Esa amistad se fraguó a partir del curso académico 1959-1960, en el Instituto de Derecho Canónico, sede de la Escuela de Munich. Allí, el joven sacerdote Rouco descubrió con singular fascinación algo que había intuido en sus lecturas más europeas: que la idea o categoría teológica clave para fundamentar y comprender la dimensión jurídica de la Iglesia era la de Communio. Como si fuera un arco de tensión, desde esa fecha hasta la Relación Final del Sínodo extraordinario de los Obispos de 1985, en la Iglesia se habían vivido, y se seguían viviendo, ciertas ambigüedades doctrinales y desviaciones prácticas que tensaban la relación entre las categorías constitutivas del ser y del comprender de la Iglesia: Misterio, comunión y misión.

Ya profesor, no cejaba en su empeño de adecuar pedagógicamente la relación de estas categorías, y de enseñar a sus alumnos de Salamanca el correcto desarrollo de ese modelo de comprensión de la Iglesia, inscrito también en el ADN del Concilio Vaticano II, en la vida pastoral. Hay quien se empeña en destacar la dimensión de canonista del cardenal, olvidando la raíz y razón de la fundamentación de la disciplina que enseña y que, como buen profesor, ha hecho vida porque creía en ella.

Una perspectiva que no es juridicista, positivista, leguleya, sino que parte de entender que la comunión permite una adecuada comprensión de «la relación constitutiva entre dimensión visible e invisible del misterio de la Iglesia y, a la vez, la naturaleza y contenido histórico-salvífico de su misión, dado que, en la comunión eclesial, quedaban comprendidas la comunión de los fieles, la comunión jerárquica y la comunión de la Iglesia, en su intrínseca dependencia y destinación a que pudiera ser realizada personal y comunitariamente como Comunión de los santos en las cosas santas: es decir, como el lugar y tiempo histórico-salvífico, donde acontece el encuentro con Jesucristo», como señaló en la citada conferencia. Hay quien también afirma que hoy, en el peso del fiel de la balanza, la Historia salutis prioriza la categoría de misión. Se olvidan quizá de que, si crece la afirmación en el hoy y en el ahora de la misión, es porque antes se ha profundizado en la de misterio y en la de comunión.

Volviendo al amor primero

No serán estas letras las que descubran el secreto personal y pastoral del cardenal Rouco a modo de panegírico. La pretensión es más sencilla: poner en valor una de la claves de comprensión del ejercicio de su ministerio en Madrid, a partir de una trayectoria marcada por una tensión eclesiológica resuelta desde la adecuada orientación teórica y puesta en práctica con notables facultades a la hora de analizar situaciones. Esta mirada, sin ser orteguiana, permite colocar en el orden adecuado el día a día de las realidades de la naturaleza de la Iglesia, instituciones, determinaciones determinadas.

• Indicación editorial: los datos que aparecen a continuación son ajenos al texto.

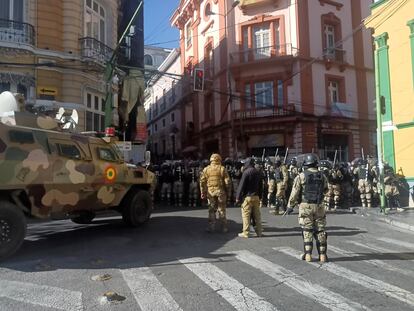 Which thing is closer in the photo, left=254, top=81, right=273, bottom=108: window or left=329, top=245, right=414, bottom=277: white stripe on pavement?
left=329, top=245, right=414, bottom=277: white stripe on pavement

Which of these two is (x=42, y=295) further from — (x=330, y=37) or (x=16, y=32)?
(x=330, y=37)

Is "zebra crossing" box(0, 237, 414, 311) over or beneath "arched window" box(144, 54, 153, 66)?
beneath

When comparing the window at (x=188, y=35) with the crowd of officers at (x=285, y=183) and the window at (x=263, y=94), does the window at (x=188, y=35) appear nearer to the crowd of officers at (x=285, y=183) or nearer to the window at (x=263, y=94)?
the window at (x=263, y=94)

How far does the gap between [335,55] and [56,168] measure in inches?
1023

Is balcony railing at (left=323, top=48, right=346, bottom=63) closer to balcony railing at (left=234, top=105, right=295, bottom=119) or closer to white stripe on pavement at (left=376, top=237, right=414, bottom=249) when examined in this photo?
balcony railing at (left=234, top=105, right=295, bottom=119)

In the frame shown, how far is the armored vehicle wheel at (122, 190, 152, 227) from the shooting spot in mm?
11477

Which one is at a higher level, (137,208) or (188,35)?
(188,35)

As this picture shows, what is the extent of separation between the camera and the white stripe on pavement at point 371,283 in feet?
18.5

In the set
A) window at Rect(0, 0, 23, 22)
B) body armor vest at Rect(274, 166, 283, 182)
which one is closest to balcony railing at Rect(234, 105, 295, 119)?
body armor vest at Rect(274, 166, 283, 182)

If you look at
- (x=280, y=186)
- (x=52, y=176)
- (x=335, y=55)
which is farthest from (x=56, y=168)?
(x=335, y=55)

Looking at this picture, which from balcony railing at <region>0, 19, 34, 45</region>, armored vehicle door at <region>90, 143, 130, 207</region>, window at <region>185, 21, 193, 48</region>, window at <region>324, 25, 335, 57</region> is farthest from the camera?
window at <region>185, 21, 193, 48</region>

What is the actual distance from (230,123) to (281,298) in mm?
24970

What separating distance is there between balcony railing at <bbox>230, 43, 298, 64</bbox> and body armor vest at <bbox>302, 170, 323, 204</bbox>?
74.1ft

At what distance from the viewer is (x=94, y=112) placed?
802 inches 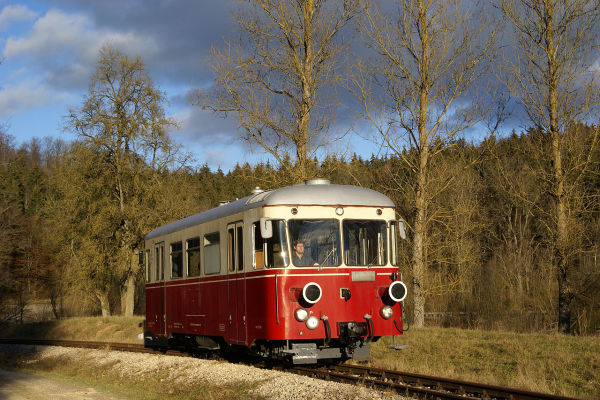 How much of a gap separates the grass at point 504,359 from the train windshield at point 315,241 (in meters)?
2.50

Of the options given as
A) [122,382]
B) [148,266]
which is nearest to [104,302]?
[148,266]

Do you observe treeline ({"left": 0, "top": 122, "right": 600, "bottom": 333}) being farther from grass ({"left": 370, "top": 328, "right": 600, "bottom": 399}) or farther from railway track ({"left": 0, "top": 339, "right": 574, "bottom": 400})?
railway track ({"left": 0, "top": 339, "right": 574, "bottom": 400})

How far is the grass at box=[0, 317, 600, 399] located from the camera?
35.7 ft

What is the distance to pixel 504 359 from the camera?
13.3m

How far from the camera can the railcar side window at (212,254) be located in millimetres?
13797

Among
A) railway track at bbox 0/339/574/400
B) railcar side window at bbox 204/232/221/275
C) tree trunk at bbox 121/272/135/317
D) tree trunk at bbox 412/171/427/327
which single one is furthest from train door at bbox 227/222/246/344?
tree trunk at bbox 121/272/135/317

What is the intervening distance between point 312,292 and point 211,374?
2853mm

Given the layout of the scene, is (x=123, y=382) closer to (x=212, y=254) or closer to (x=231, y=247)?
(x=212, y=254)

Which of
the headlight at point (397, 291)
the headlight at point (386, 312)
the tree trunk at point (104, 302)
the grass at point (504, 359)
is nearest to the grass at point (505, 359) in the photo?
the grass at point (504, 359)

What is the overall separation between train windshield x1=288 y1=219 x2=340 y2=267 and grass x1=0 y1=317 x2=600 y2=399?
8.19 feet

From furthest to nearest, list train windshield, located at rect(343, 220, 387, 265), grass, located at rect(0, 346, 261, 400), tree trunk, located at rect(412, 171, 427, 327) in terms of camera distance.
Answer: tree trunk, located at rect(412, 171, 427, 327) → train windshield, located at rect(343, 220, 387, 265) → grass, located at rect(0, 346, 261, 400)

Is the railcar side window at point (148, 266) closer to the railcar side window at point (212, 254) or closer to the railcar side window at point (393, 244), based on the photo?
the railcar side window at point (212, 254)

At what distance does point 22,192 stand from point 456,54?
7213cm

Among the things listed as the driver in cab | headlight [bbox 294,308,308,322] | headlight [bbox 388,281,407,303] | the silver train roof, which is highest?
the silver train roof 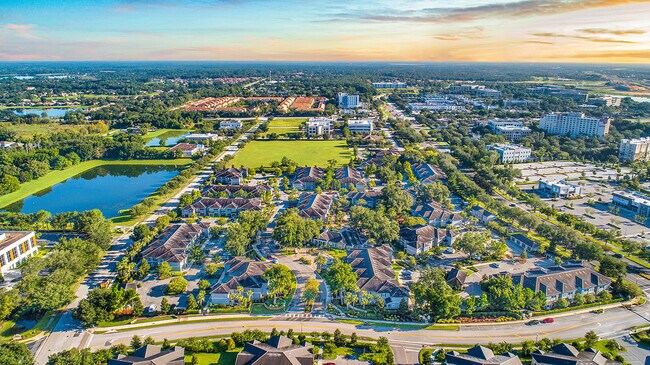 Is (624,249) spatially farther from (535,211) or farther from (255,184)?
(255,184)

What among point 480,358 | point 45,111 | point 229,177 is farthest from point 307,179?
point 45,111

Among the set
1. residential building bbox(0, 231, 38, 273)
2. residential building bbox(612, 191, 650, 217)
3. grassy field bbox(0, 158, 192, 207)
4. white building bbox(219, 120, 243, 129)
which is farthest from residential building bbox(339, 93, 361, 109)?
residential building bbox(0, 231, 38, 273)

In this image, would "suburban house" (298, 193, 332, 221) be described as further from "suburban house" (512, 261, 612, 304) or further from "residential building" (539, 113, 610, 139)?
"residential building" (539, 113, 610, 139)

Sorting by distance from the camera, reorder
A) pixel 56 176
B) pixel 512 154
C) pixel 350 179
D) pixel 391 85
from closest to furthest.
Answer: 1. pixel 350 179
2. pixel 56 176
3. pixel 512 154
4. pixel 391 85

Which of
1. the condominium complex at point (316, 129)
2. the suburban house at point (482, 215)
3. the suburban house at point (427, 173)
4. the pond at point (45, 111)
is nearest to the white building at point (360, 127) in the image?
the condominium complex at point (316, 129)

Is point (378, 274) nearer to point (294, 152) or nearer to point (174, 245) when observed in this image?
point (174, 245)

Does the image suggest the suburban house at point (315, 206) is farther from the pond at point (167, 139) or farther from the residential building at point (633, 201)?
the pond at point (167, 139) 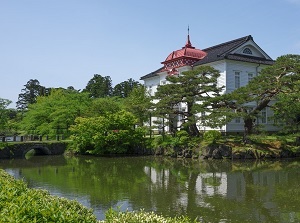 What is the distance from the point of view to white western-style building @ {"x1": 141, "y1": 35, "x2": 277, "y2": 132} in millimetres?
29953

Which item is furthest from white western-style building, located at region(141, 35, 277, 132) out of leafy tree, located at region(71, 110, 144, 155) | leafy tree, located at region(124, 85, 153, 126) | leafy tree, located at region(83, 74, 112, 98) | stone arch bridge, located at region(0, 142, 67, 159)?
leafy tree, located at region(83, 74, 112, 98)

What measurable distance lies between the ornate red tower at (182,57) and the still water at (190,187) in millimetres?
13338

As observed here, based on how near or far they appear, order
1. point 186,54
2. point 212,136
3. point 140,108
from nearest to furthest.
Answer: point 212,136, point 140,108, point 186,54

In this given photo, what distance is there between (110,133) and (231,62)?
1255cm

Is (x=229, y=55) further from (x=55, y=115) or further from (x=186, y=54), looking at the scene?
(x=55, y=115)

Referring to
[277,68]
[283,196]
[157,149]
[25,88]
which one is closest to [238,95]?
[277,68]

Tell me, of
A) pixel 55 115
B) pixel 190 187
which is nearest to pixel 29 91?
pixel 55 115

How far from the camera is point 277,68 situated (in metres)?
24.4

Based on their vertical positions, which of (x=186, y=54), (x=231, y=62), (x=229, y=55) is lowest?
(x=231, y=62)

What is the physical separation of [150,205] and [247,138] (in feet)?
53.1

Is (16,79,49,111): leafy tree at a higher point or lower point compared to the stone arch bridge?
higher

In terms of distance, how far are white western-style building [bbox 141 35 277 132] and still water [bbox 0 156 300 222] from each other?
30.6 feet

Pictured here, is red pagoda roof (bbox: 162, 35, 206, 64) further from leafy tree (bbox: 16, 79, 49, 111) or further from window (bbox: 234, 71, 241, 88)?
leafy tree (bbox: 16, 79, 49, 111)

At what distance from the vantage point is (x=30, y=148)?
96.8ft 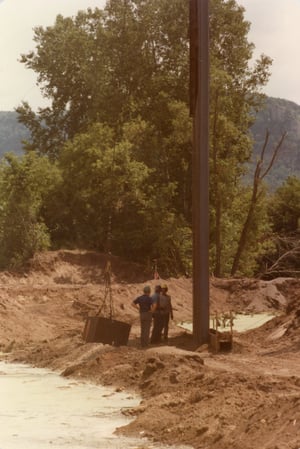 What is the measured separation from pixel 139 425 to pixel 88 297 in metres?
23.8

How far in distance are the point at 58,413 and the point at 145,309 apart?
8.00m

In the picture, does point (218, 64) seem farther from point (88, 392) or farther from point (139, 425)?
point (139, 425)

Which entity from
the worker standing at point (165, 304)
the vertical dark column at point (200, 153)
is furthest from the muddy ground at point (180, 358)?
the vertical dark column at point (200, 153)

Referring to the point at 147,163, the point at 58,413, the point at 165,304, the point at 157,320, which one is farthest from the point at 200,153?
the point at 147,163

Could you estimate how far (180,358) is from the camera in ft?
70.5

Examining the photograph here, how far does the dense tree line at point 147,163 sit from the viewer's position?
174 ft

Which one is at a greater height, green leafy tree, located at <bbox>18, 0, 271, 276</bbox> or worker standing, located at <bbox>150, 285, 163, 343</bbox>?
green leafy tree, located at <bbox>18, 0, 271, 276</bbox>

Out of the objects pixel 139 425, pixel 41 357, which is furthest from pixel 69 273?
pixel 139 425

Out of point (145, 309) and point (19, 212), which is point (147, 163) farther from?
point (145, 309)

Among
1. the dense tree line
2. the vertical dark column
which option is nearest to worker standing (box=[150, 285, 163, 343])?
the vertical dark column

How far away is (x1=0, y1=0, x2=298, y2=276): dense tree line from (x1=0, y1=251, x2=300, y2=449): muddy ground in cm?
443

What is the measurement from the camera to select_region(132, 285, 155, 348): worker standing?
2569 cm

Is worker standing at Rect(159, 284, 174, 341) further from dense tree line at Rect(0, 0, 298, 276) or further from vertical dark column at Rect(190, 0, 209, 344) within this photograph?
dense tree line at Rect(0, 0, 298, 276)

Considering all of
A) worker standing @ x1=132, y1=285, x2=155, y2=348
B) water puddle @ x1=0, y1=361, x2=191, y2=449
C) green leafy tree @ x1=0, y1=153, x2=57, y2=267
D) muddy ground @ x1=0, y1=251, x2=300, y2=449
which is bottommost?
water puddle @ x1=0, y1=361, x2=191, y2=449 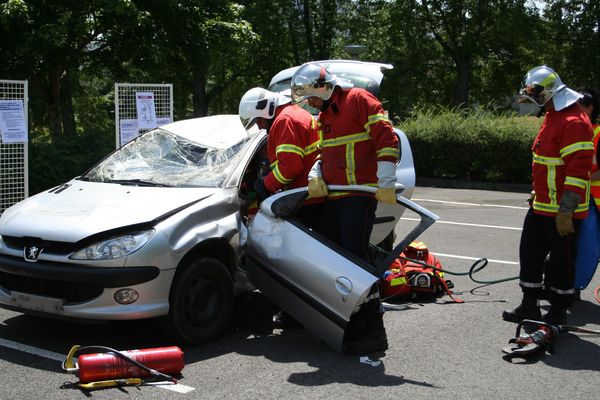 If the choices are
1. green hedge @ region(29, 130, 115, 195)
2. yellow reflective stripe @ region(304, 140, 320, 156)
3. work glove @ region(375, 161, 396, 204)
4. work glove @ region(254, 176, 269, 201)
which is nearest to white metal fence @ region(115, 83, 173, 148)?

Llega el momento del adiós, volvamos al hola, al amor primero, al primer texto. A la primera Carta pastoral de monseñor Rouco Varela en Madrid, titulada Evangelizar en la comunión de la Iglesia, de 15 de mayo de 1995, festividad de San Isidro Labrador. Una pastoral que articulaba el itinerario de la vida cristiana a través del encuentro con Cristo, la comunión con Él en su Iglesia, y la misión, en vísperas del Jubileo del año 2000. El cardenal Rouco dibujó así el itinerario de su peregrinaje, siendo consciente, como señaló en su conferencia de la Embajada de España ante la Santa Sede, el 16 de octubre de 2012, que «una cosa es la teoría y los ideales, muy bien planteados, y otra la forma en que los hombres los aplicamos y damos vida».

Se puede decir, como de todo lo humano, que el cardenal es falible, pero lo que no se puede negar es que fiable en su pretensión de un ejercicio orgánico de articular la comunión del hombre con Dios, a través del encuentro con Jesucristo, en la Iglesia. Una comunión que humaniza. Una comunión que ha sido el leitmotiv de una vida que se ha gastado por la misma comunión y por la Iglesia.